Experience working on Production engineering/ production support projects is a must which includes handling teams working in 24/7 model.
Good understanding of Incident, change, service req management is a daily routine so candidate should know how to manage the workload, rotate FTEs as and when required.
Management of Ad hoc activities such as Vulnerabilities fixes/ patching awareness is required.
Should be able to lead BAU governance activities Daily, Weekly & Monthly cadence with necessary reporting data.
Knowledge of applying SRE practices to daily operations is key.
Computer Science and/or Engineering degrees are preferred.
Having domain experience in Domestic Banking application areas (IMPS/ UPI) will be a great advantage.
Working Experience/ Awareness:
24x7 operations support model for mission critical applications and infrastructure using ServiceNow as the ITSM ticketing tool.
Hybrid and private-cloud operational support / administration activities such as provision, capacity management, reliability management, monitoring, restoration, etc.
Working knowledge on AppDynamics and Splunk for monitoring and setting up observability is key. CI/CD tool chains, setting up and running deployment pipelines and propagating changes on different environments. Maintaining middleware such as MQ as well as application servers (Tomcat).
Maintain Hazelcast Data storage platform clusters and Control M job schedulers.

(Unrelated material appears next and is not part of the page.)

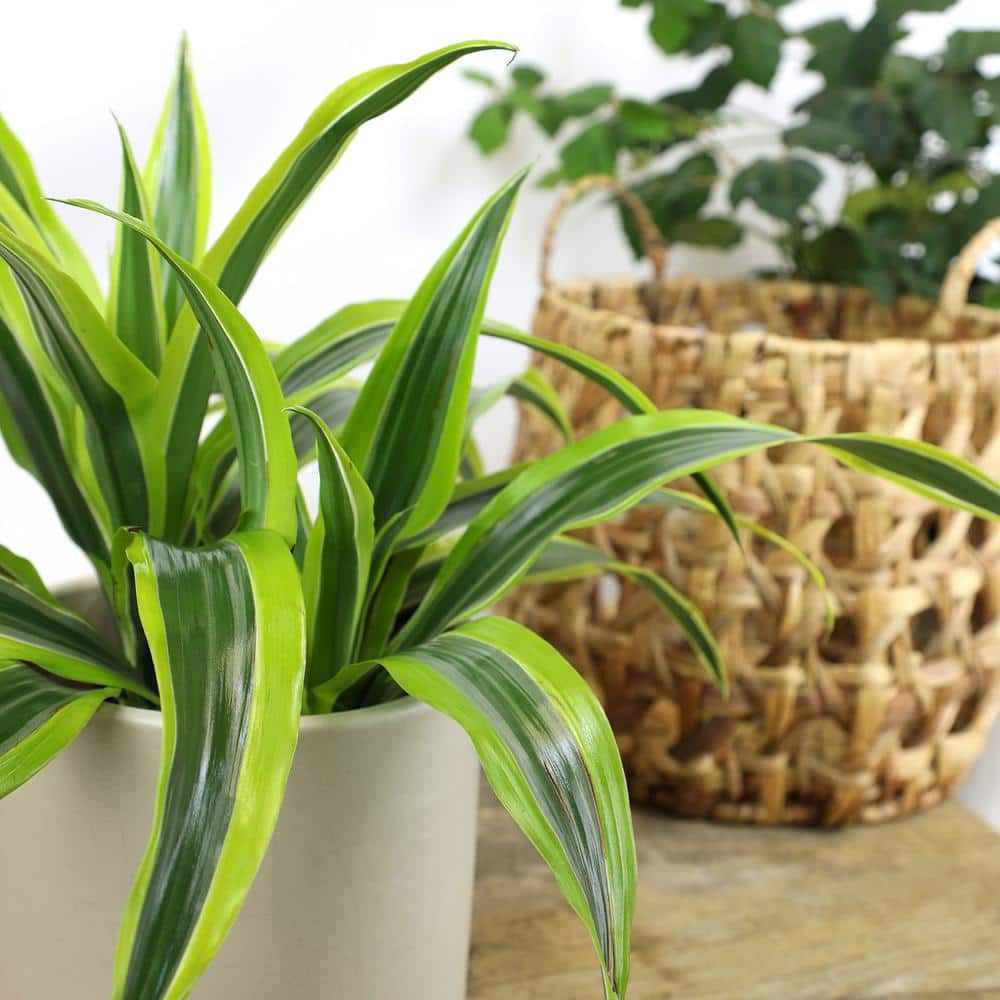 Dracaena Lemon Lime Indoor/Outdoor Plant in Black Plastic Pot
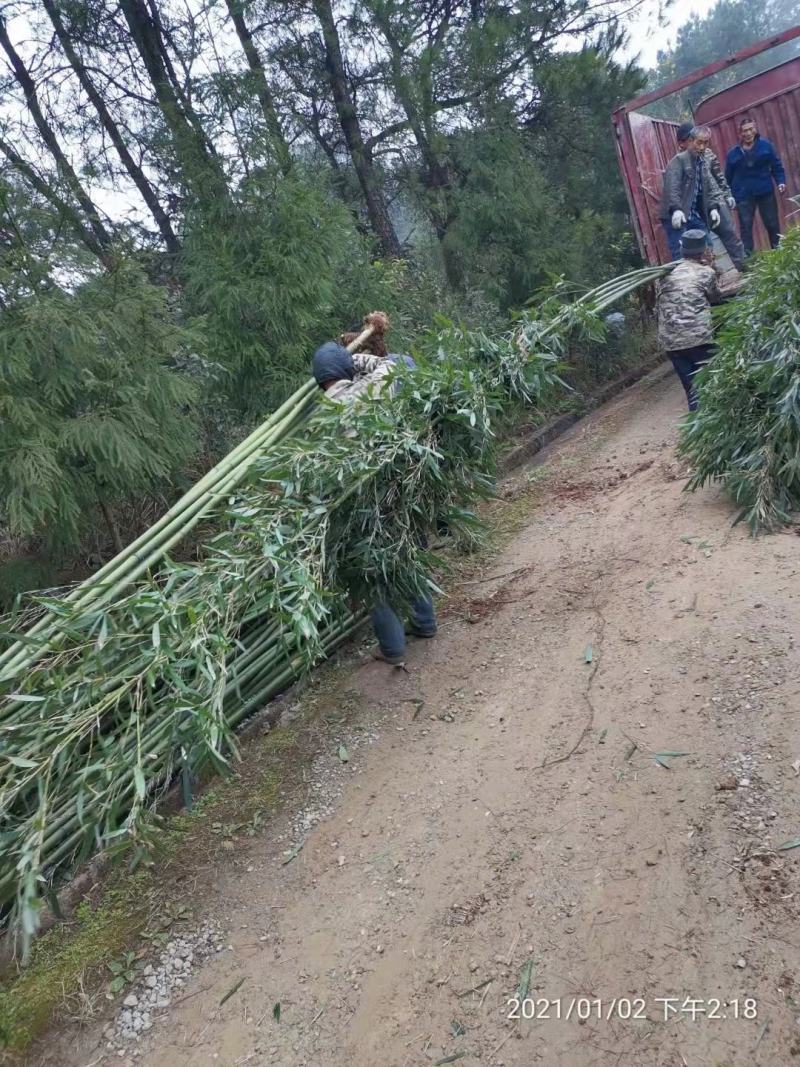 重庆巴南斑竹基地批发，规格齐全，价格美丽，量大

Kubernetes cluster management, monitoring, and remediation. Knowledge of Docker is important.
Automating deployments and scripting self-healing workflows based on telemetry.
Work closely with the team to define SLIs and configure SLOs, respond to threshold alerts and optimize monitoring capability.
Work closely with the team to understand the code as well as configuration artifacts to debug and fix issues that may arise.
Must be inclined to work on proof of concepts solutions to optimize reliability such as those incorporating AI models for event correlation and assisted triaging.
Able to lead & drive SRE team to parallelly work on Service or Change Requests, Defect management board, backlog management in agile manner.
Good to have:
SRE Foundation certification by DevOps Institute or any other equivalent certification on SRE by a recognized body is mandatory.
ITIL/ ITSM certified
About Virtusa
Teamwork, quality of life, professional and personal development: values that Virtusa is proud to embody. When you join us, you join a team of 27,000 people globally that cares about your growth — one that seeks to provide you with exciting projects, opportunities and work with state of the art technologies throughout your career with us.
Great minds, great potential: it all comes together at Virtusa. We value collaboration and the team environment of our company, and seek to provide great minds with a dynamic place to nurture new ideas and foster excellence.
Virtusa was founded on principles of equal opportunity for all, and so does not discriminate on the basis of race, religion, color, sex, gender identity, sexual orientation, age, non-disqualifying physical or mental disability, national origin, veteran status or any other basis covered by appropriate law. All employment is decided on the basis of qualifications, merit, and business need.